I honestly don’t even know where to start?
We were fine when I went back home, talking everyday. The week I came back his parents were done so he said that we won’t be able to FaceTime but we could still talk. There was one day that I did doubt his true feelings and he got a bit annoyed so he left his parents to call me.
I didn’t believe that he actually loved him, because how can you love someone that quickly? However he was firm on the point that he knew what it was, that he felt those feelings for me!
Well anyway he pulled a something in his ankle training last week, so he was obviously disappointed and angry. He become a little bit more quite with me talked less. Until one day last week I said that we either talk properly or not at all. His response was that we don’t talk at all. I couldnt believer my ears. Never thought he would say something like that. He always said that there was no problem that he couldn’t fix that no matter what I wouldn’t push him away. Not only that but he also told me to do what ever it took to get used to this.
He phoned me up and said that he needed time to think about whether he can conutie to do this with me or not. LC said that I never give him space when he asks for his. So I gave him a whole three days of space. LC rung me up Thursday saying that he couldn’t do the long distance relationship anymore, that he hated me waiting for him while he was at training. I honestly couldn’t believe my eyes I had to put the phone down on him, I literally couldn’t speak.

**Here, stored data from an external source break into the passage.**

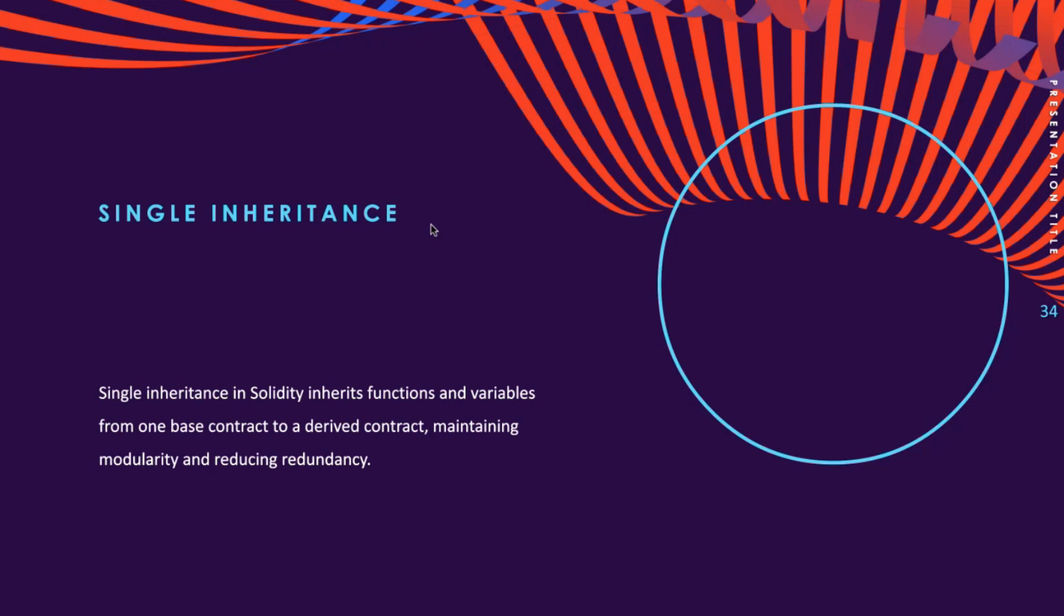One type of inheritance that we have is single or single level inheritance, which is a type of inheritance where the functions and variables of one base contract are inherited to only one derived contract. This feature helps to maintain the modularity of code.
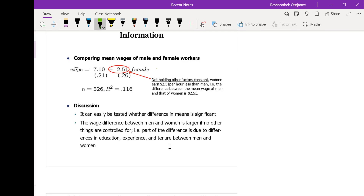Based on the same data, a simple linear regression model ignoring the previously included factors shows the difference between male and female wages is now 2.51 — much larger. As we add more factors, this coefficient estimate declines, which means there are many factors we are not yet controlling for. If we wanted to test the mean difference between male and female wages, we can run this regression. The result is statistically significant, meaning the difference in male and female wages is statistically significant. On average, females receive less wage per hour than males.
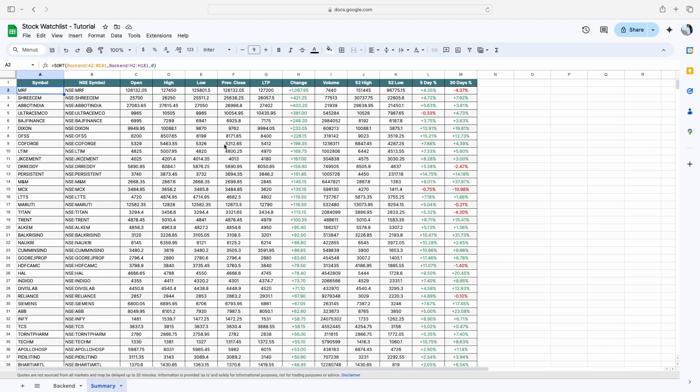After making this change, whenever the price is updated — for example for MRF — it will automatically update in this sheet as well. This is how you can create your own stock watch list in Google Sheets. I hope you liked this video. Please like, share, and subscribe to Excel Dose. Thank you so much for watching.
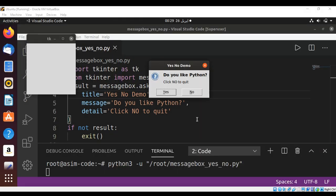And here is our message box with Yes and No options. You can see the title over here, the message over here, and the detail over here. If you want to quit the program, you just need to click on No.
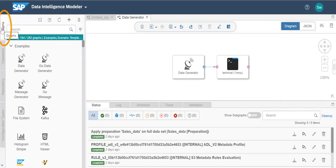In the graphs tab, you can access the SAP Data Intelligence built-in graphs and other user-created graphs organized under various categories. You can also create new graphs from here.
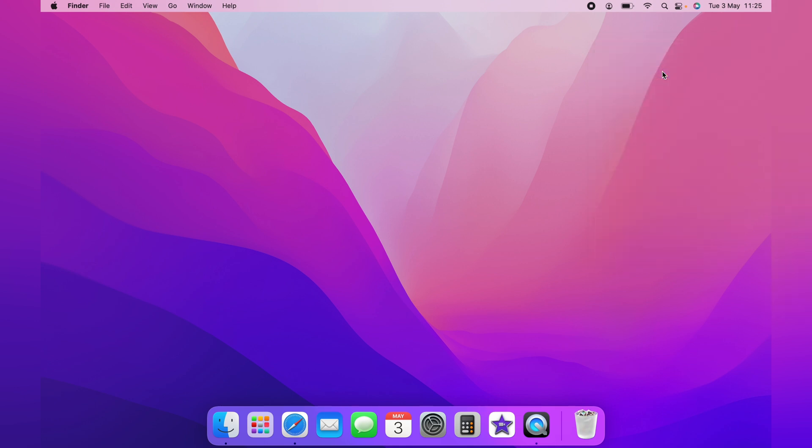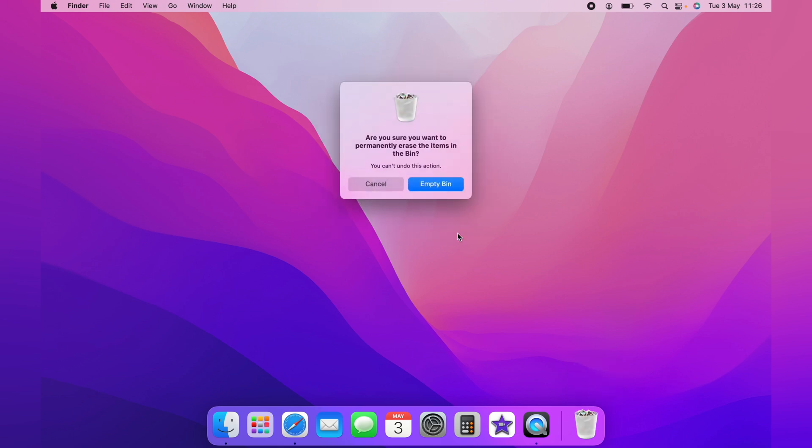The easiest method is by right-clicking or two-finger tap and then selecting empty bin. A box will appear to confirm. When you click empty bin, your bin will be emptied.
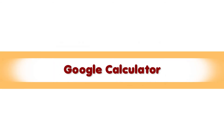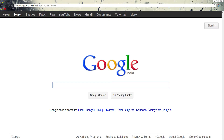Google Calculator. Google comes handy even with mathematical calculations. It'll instantly give you answers even for complex mathematical expressions. Let's try something relatively easy for Google.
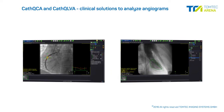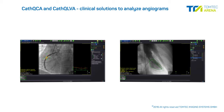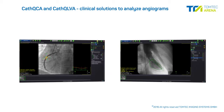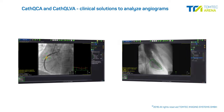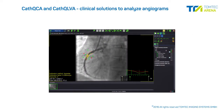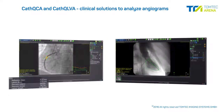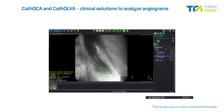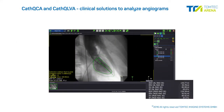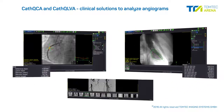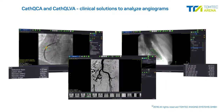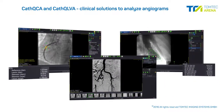CathQCA and CathLVA are integrated clinical solutions to analyze angiograms. The vessel wall of obstructed coronary arteries is automatically detected to perform comprehensive stenosis quantifications. Left ventricular volumes and function are calculated based on a tracing of endocardial borders. ImageCom also provides digital subtraction angiography for peripheral vessels.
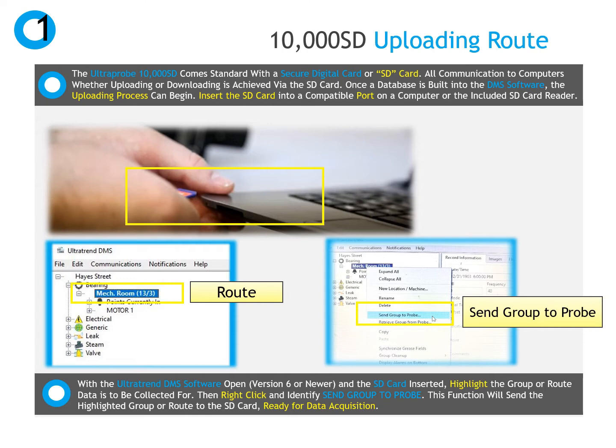Open UltraTrend DMS and highlight the group or route desired for data collection. Right-click on the group name and select Send Group to Probe from the available options. This will send the highlighted group to the SD card, and a confirmation message on the PC screen will indicate when the group is uploaded.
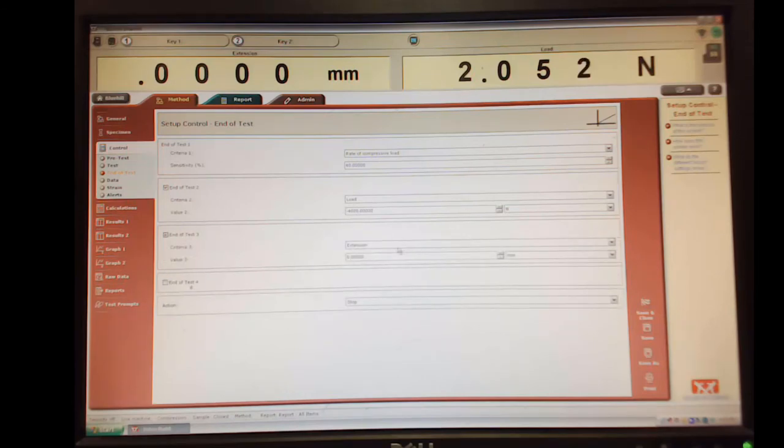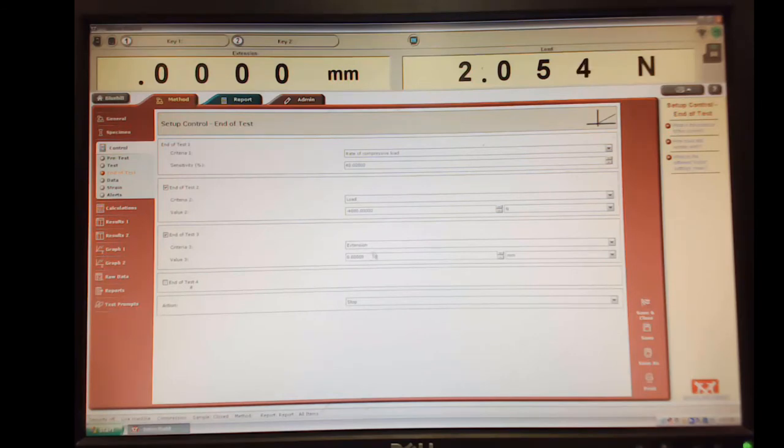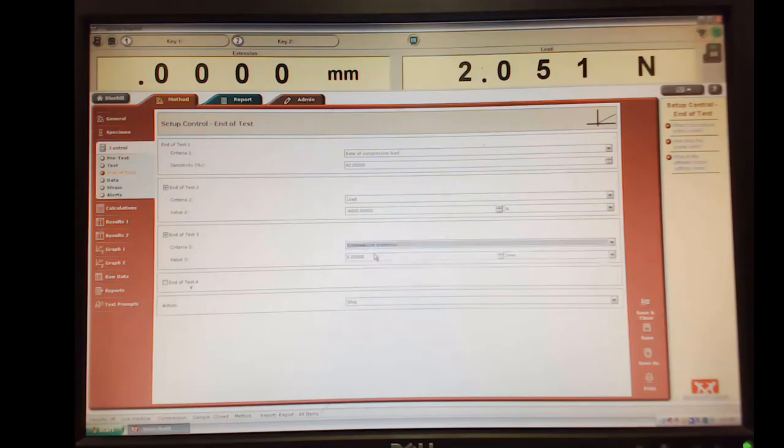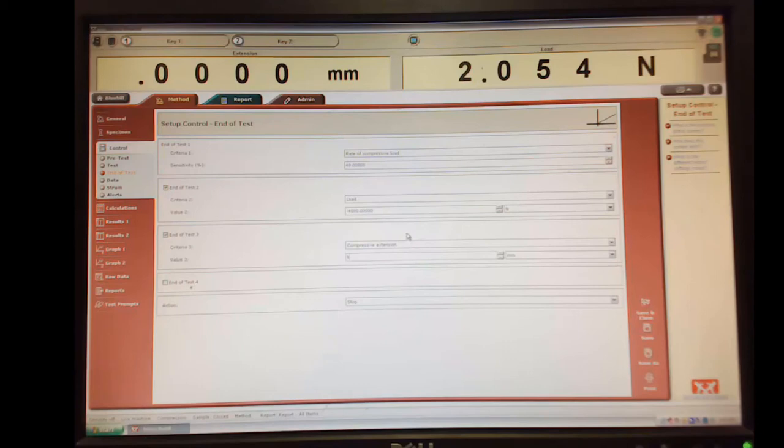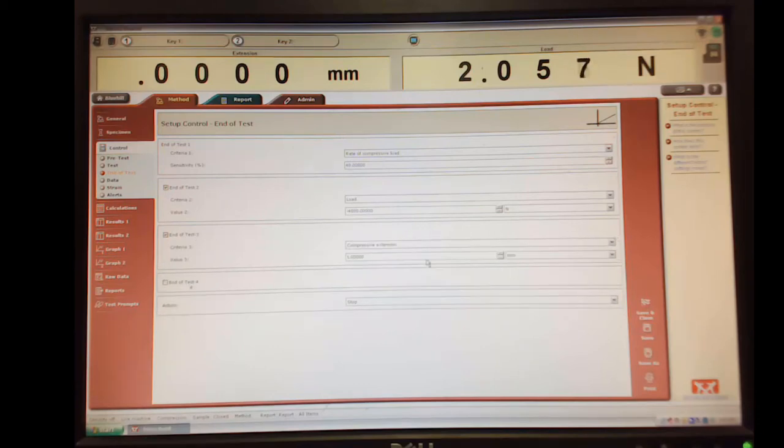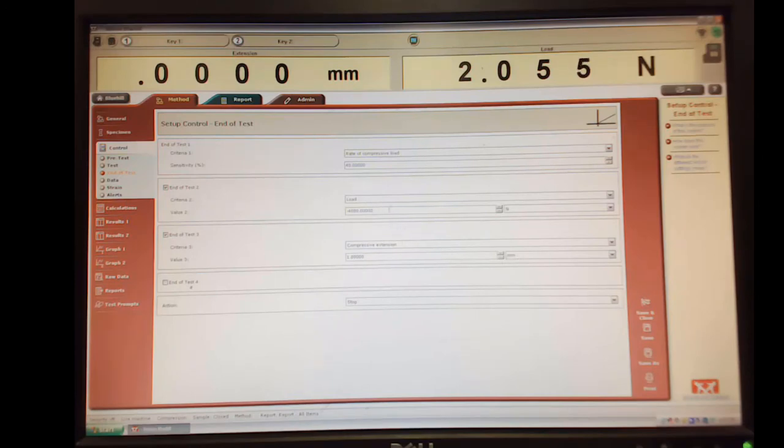Okay, our final criteria is how far we want to move. And like I said, I think one millimeter was about as far as we wanted to move. So we can say compressive extension of one millimeter. So that would take a minute to get there if we got to one millimeter before we get to the load that breaks it. And so that's all we need to do for that.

I text him the next say could we not give it a try I would’t text him as much that we would take baby steps till he was ready. His response was I’ve taken the time to make up my mind, I’ve made my decision and I’m going to stick with it! I mean what sort of response is that?
Saturday I asked to FaceTime him, he agreed. I stated that I would like to give it a try as we haven’t even given it a proper chance. LC said that he didn’t want to talk to me anymore that he had already given it a chance. He said that he was sick of my problems and having to deal with them all the time. Problems? What that I doubted his feelings because I didn’t believe that he felt that way about me! That was literally it! I literally begged him to just give it a chance to see that it could be really good, that this is something really special and I didn’t see it as something going to waste.
The whole way through this conversation his face didn’t change bit, he looked so cold it was like I was talking to a stranger. LC said that he didn’t want to continue as he had no feelings for me what so ever, that he didn’t love me at all.
I literally couldn’t believe what I heard. Like how can you go from saying you love someone that you wanted them to do everything they could to get used to it. To I don’t have any feelings for you at all? It just didn’t make sense, it still doesn’t! I just don’t understand. Surely if you love someone and they have a few small issues you work through them? I had to put down the phone because he just didn’t show any emotion what so ever.
I felt like my heart had been ripped out of my chest, I trusted him with everything I had. I believed everything that came out of his mouth! I broke down, I just don’t get it. He completely changed!!! I said to him that I don’t want either of us to regret the decision we made in a few months, he said that its fine he could live with the his choice!
LC made me doubt everything he ever said to me. How can you say you love someone and then next thing you say you have no feelings what so ever? The only thing that I can try and excuse him is that maybe his parents or his coach or whatever so how distracted he was and told him that he couldn’t see me anymore? But I still don’t understand him! No matter what the reason is or was, I will never ever forgive him for it. It was like I meant nothing to him, I was analysing everything he said to everything he did!
I’ve never felt so heartbroken, worthless and physically sick in my life then right now. Like I actually feel really shit about myself. I feel like no one will ever love me for who I am, that I have to many issues for people to handle!!